## [Exercise goal]
Copy the listing verbatim, excluding any images found in it.

## [Input data]
- - -

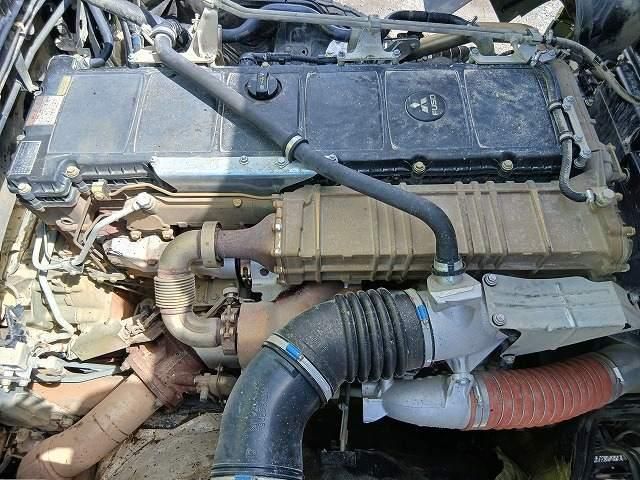 Mitsubishi GREAT 2014-05 7737894-19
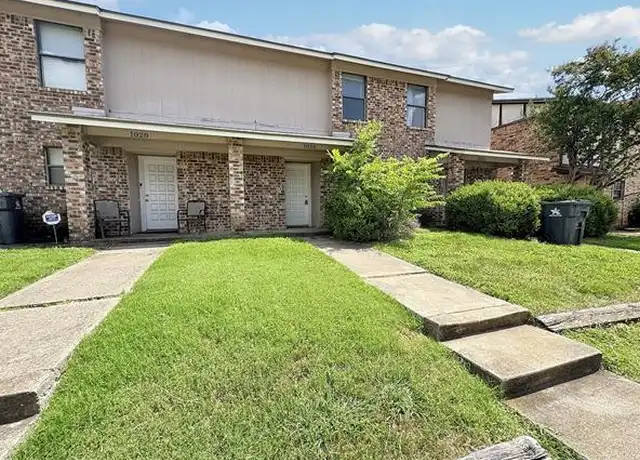 Property at 1024 Southmoor Dr Unit 1026, Arlington, TX, 76010, 2 beds, 1.5 baths, [object Object]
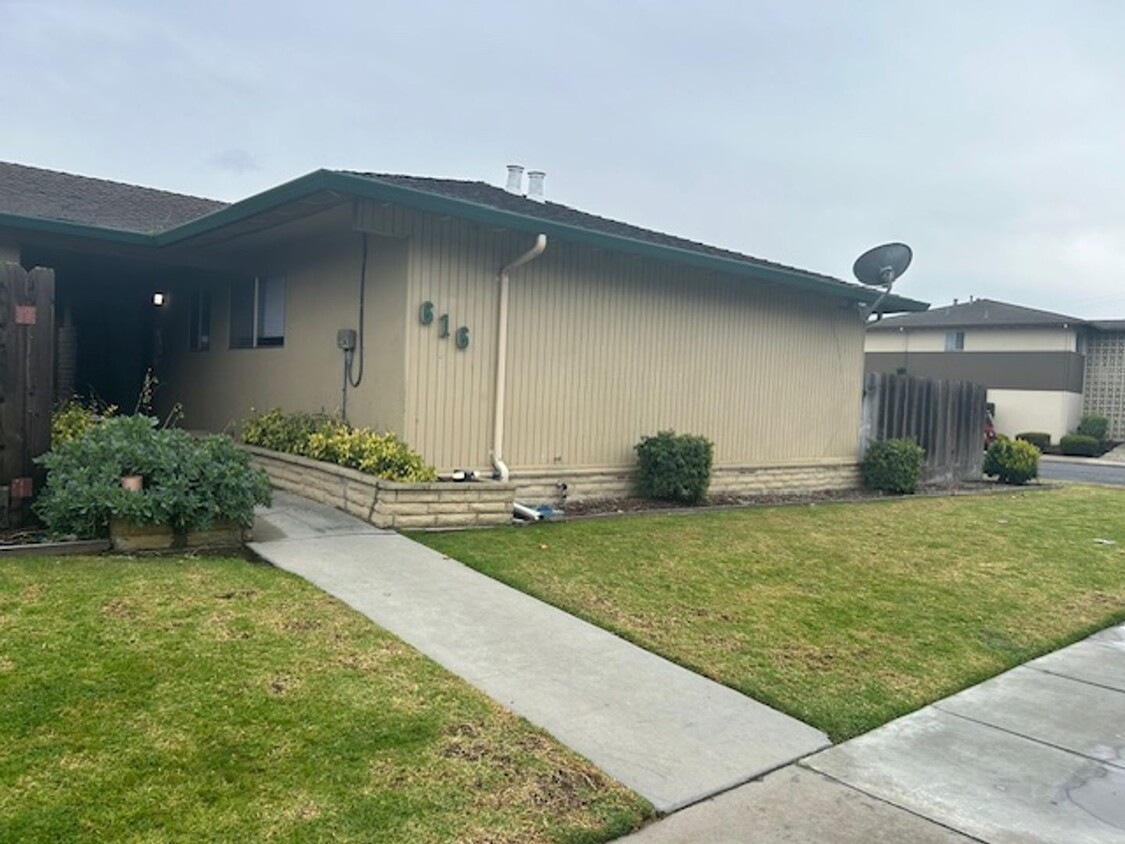 Foto principal - 3BR/ 2BA IN SOUTH SALINAS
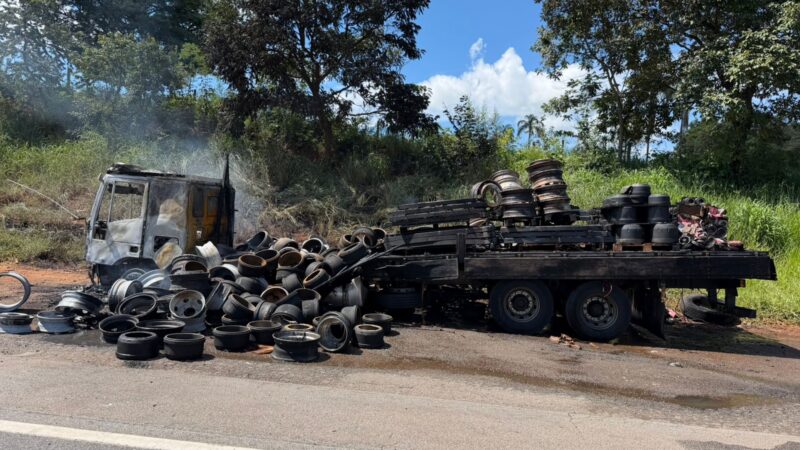 Incêndio destrói caminhão e carga na rodovia MG 050, em Itaúna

- - -

## [Answer to this problem]
 Mitsubishi GREAT 2014-05 7737894-19
 Property at 1024 Southmoor Dr Unit 1026, Arlington, TX, 76010, 2 beds, 1.5 baths, [object Object]
 Foto principal - 3BR/ 2BA IN SOUTH SALINAS
 Incêndio destrói caminhão e carga na rodovia MG 050, em Itaúna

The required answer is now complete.